What about correctional facilities?

Staff at correctional facilities are required to wear face coverings consistent with L&I’s Safety and Health requirements. The Department of Corrections is requiring and providing face coverings for incarcerated individuals in state facilities.

Why Is It Important to Wear Cloth Face Coverings?

CDC recommends that non-vaccinated people cover their noses and mouths with a cloth face covering to prevent spreading COVID-19 in public settings where it’s difficult to maintain physical distancing measures (staying six feet apart).

Researchers have found that some people who have COVID-19 do not have any symptoms (they are asymptomatic) but are able to spread the virus without knowing it. When a face covering is worn by someone who is infected with the virus that causes COVID-19, it can help prevent the spread of infection to others by preventing droplets from breathing, coughing, sneezing, and singing from entering the air breathed by others. 

Why is it important to wear face coverings now when it wasn’t encouraged before?

In the early stages of the COVID-19 pandemic, the public was asked to avoid wearing medical-grade masks. Medical grade masks, like surgical masks and N95 masks, are necessary pieces of personal protective equipment (PPE) for healthcare workers and should be preserved for that use—to ensure healthcare workers’ safety. The public was asked to avoid using these critical supplies.

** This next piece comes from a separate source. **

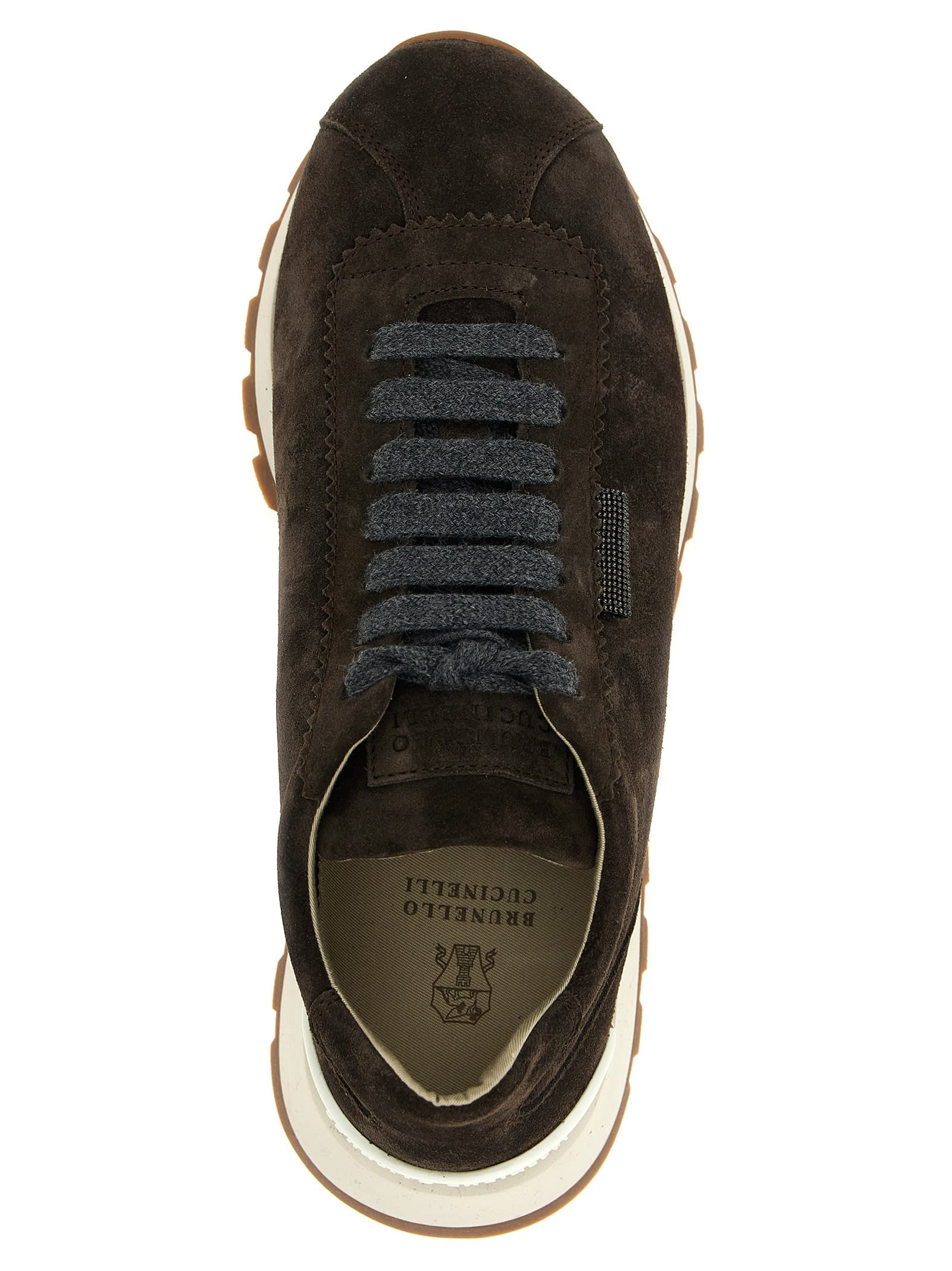 Brunello Cucinelli Suede Leather Sneakers With Contrasting Laces In Brown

More information is now available about how COVID-19 spreads, including that individuals who are asymptomatic can spread the virus. People are asked to wear cloth face coverings in public to avoid spreading the virus to others, because they may have the virus without knowing it. This is an important action we all can take to prevent a second wave of new COVID-19 infections and help businesses remain open during this phased approach to reopen Washington.

Does Everyone Have to Wear a Face Covering?

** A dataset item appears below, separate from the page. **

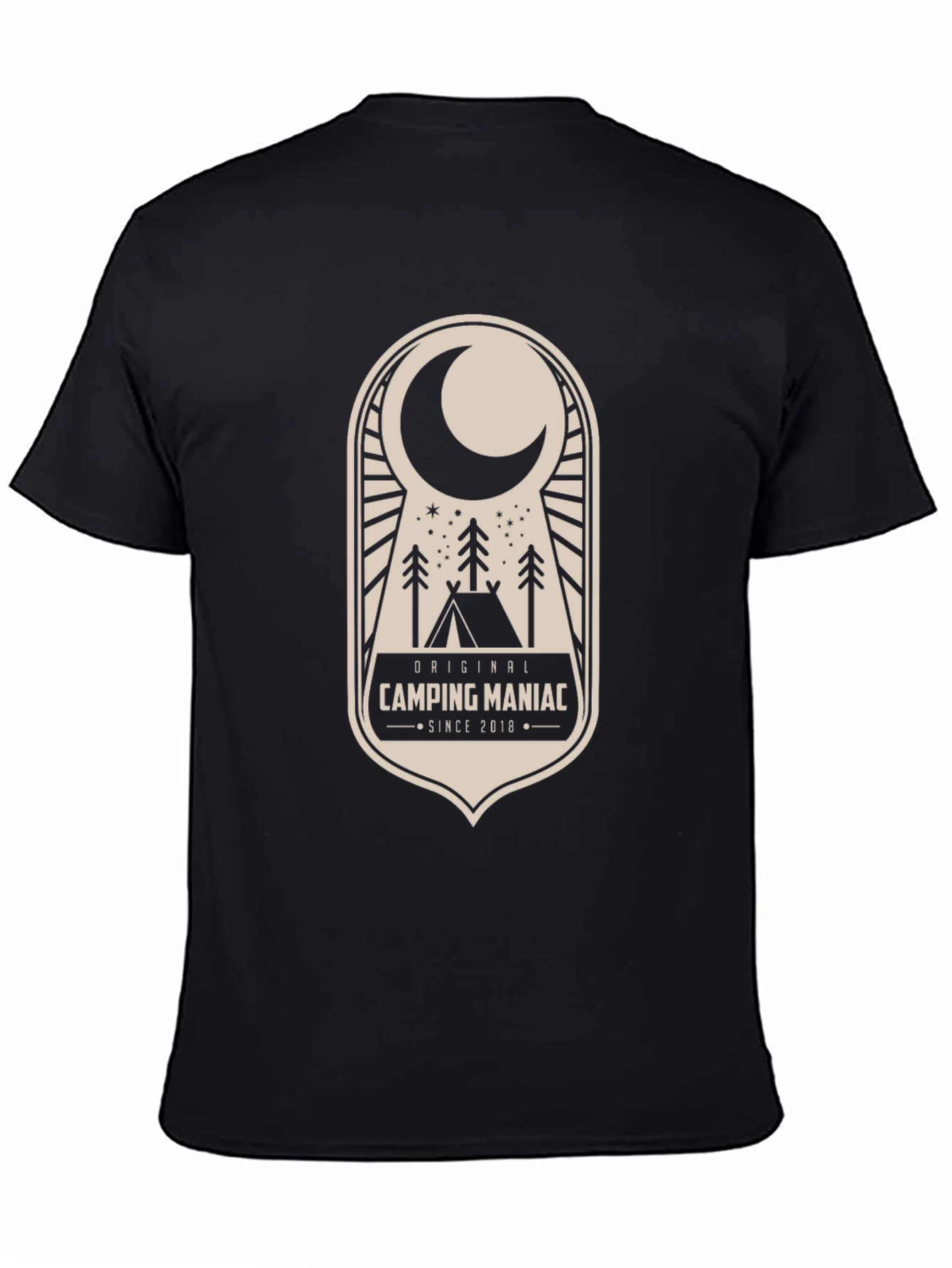 Black Camping Maniac T-Shirt: Outdoor Adventure Apparel view 4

Vaccinated individuals can follow CDC guidance regarding face coverings. Some are not able to wear face masks for specific health-related reasons; this includes the following:

 It is encouraged to have children ages 3-5 wear a covering if possible. In no case should children under two years of age wear a face covering due to the risk of suffocation.

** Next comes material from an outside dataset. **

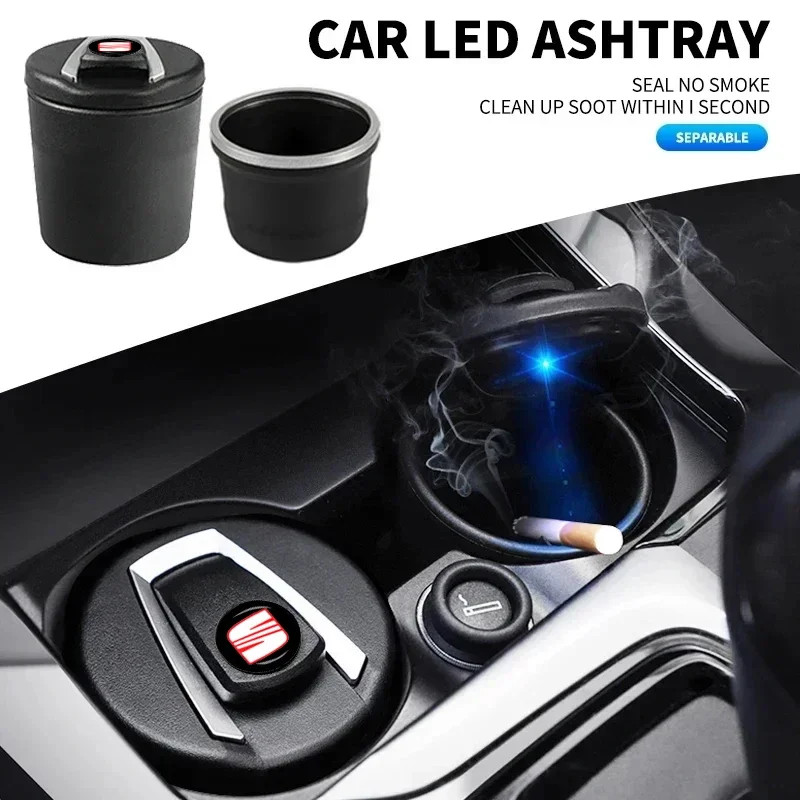 Auto Aschenbecher Kreative LED Licht Auto Innen Zubehör Für SEAT Leon cupra MK1 MK2 MK3 Ibiza 6L 6J 6P 6F 1P 5F FR Altea Ateca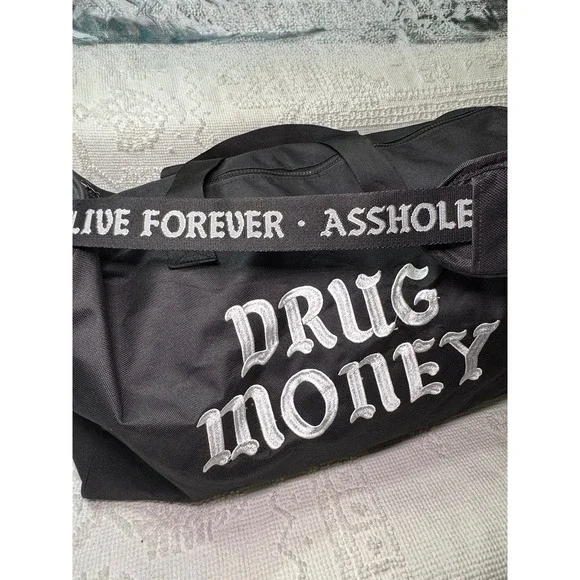 A$$holes Live Forever Dr*g Money Duffel Bag Black Lrg Streetwear Travel Gym NWOT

  • Any individual who has a physical disability that prevents easily wearing or removing a face covering
  • Any individual who is deaf and uses facial and mouth movements as part of communication or an individual who is communicating with a person who is deaf and uses facial and mouth movements as part of communication
  • Any individual who has been told by a medical professional that wearing a face covering may pose a health risk to that individual
  • Any individual who has trouble breathing, is unconscious or unable to remove the face covering without help
  • A face shield with a drape can be used by people with developmental, behavioral, or medical conditions that prevent them from wearing a face covering. Face shields may also be used by children in childcare, day camp, and K-12 settings.